Electronic I-9s, thanks to a Freedom of Information Act request from LawLogix, a memorandum from the Executive Associate Director of Homeland Security Investigations (HSI) that provides guidance to all HSI field offices on the collection of electronically generated I-9 forms and the minimum electronic audit trail requirements for use in contemplating civil fines was released to the public.

As background, every electronically generated or stored I-9, electronic I-9s must meet all of the requirements for electronic I-9 found in the regulations. One requirement is the form must be accompanied by an audit trail.   The HSI memorandum states in part that whenever an electronic Form I-9 record is created, completed, updated, modified, altered or corrected, a security and permanent record must be created (audit trail) that establishes the date accessed, who accessed it and what action was taken.  The HSI memorandum attaches a flow chart and example audit trial to illustrate the minimum acceptable standards for electronically generated I-9 forms.

The HSI memorandum also states that, in addition to the audit trail, special agents or auditors must request the name of the software product being utilized and any internal business practices and protocols related to the generation of, use of, storage of, security of, and inspection and quality assurance programs for the electronically generated Forms I-9.

Moreover, the HSI memorandum states that the employer being audited should provide the indexing system identifying how the electronic information contained in the Form I-9 is linked to each employee and documentation of the system used to capture the electronic signature, including the identity and attestation of the individual electronically signing the Form I-9, or electronic I-9s.

Finally, the HSI memorandum recommends that special agents or auditors request access to the electronic system for a demonstration of the generation of an electronic I-9 form.

What is the take away?  Recall that HSI has very clearly stated in the past that it would hold employers responsible for the mistakes and errors of their electronic I-9 vendors, buyer beware.  While HSI agents and auditors may not have dug into the dirty details of these systems during past audits, the days of employers getting a pass due to a lack of guidance or knowledge have past.  If an employer is unsure if its electronic I-9 vendors system is in compliance with this guidance and the applicable regulations, now is the time to find out.

If you would like a copy of this memorandum, please contact us and we will be happy to send it your way.

Issuance of New I-9 Form Delayed Employers Will Continue to Use Current I-9 Form Even After August 31 Expiration Date

USCIS recently announced that employers who were eagerly awaiting the release of the new I-9 Form will have to wait a little longer.  http://www.uscis.gov/i-9   But hold on a moment.  The current I-9 Form has an expiration date of 8/31/2012 printed in the upper right hand corner.
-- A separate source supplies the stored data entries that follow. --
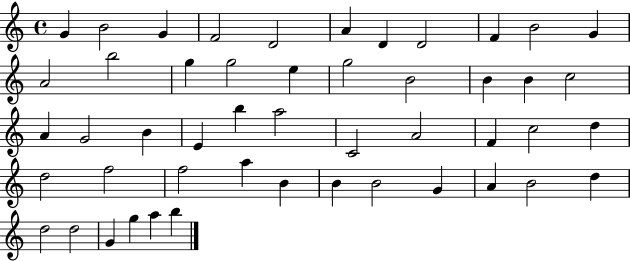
{
  \clef treble
  \time 4/4
  \defaultTimeSignature
  \key c \major
  g'4 b'2 g'4 | f'2 d'2 | a'4 d'4 d'2 | f'4 b'2 g'4 | \break a'2 b''2 | g''4 g''2 e''4 | g''2 b'2 | b'4 b'4 c''2 | \break a'4 g'2 b'4 | e'4 b''4 a''2 | c'2 a'2 | f'4 c''2 d''4 | \break d''2 f''2 | f''2 a''4 b'4 | b'4 b'2 g'4 | a'4 b'2 d''4 | \break d''2 d''2 | g'4 g''4 a''4 b''4 | \bar "|."
}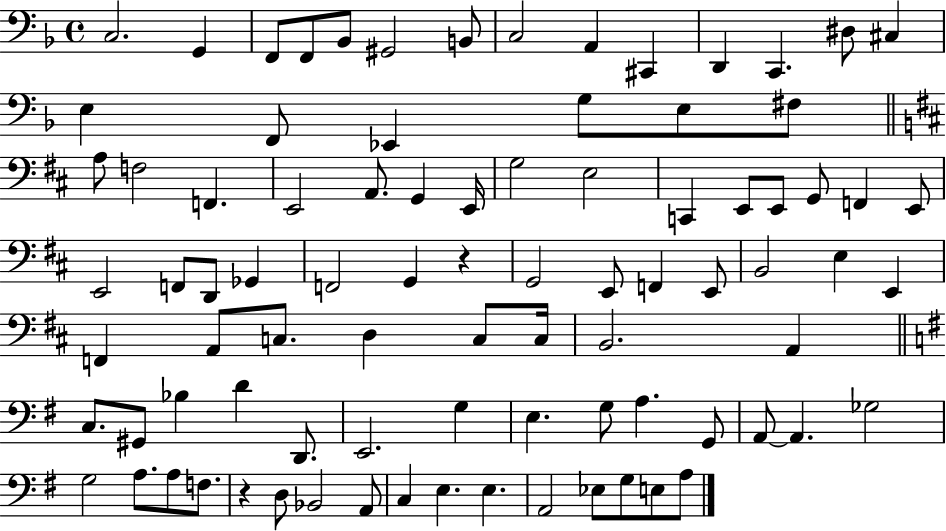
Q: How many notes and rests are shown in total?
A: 87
So, what are employers supposed to do if a new form is not released by August 31, 2012?  Indeed, employers could get into trouble if they use expired I-9 forms.

Per USCIS, even after the current form expires on August 31, 2012, employers should continue to use the current I-9 Form until USCIS instructs otherwise.  USCIS instructions for the Form I-9 currently available on I-9 Central also indicate that the agency will accept the use of the prior version of the Form I-9 that bears a revision date of February 2, 2009.  (The February 2, 2009 I-9 Form has an expiration date of June 30, 2009.)

Why the delay? As announced in March of 2012, USCIS is in the process of updating and publishing a newly revised two-page Form I-9. When the comment period of the revisions was opened to the public, USCIS received a large number of comments over 3,000.  So, USCIS is taking a little longer than expected to absorb all these insightful comments.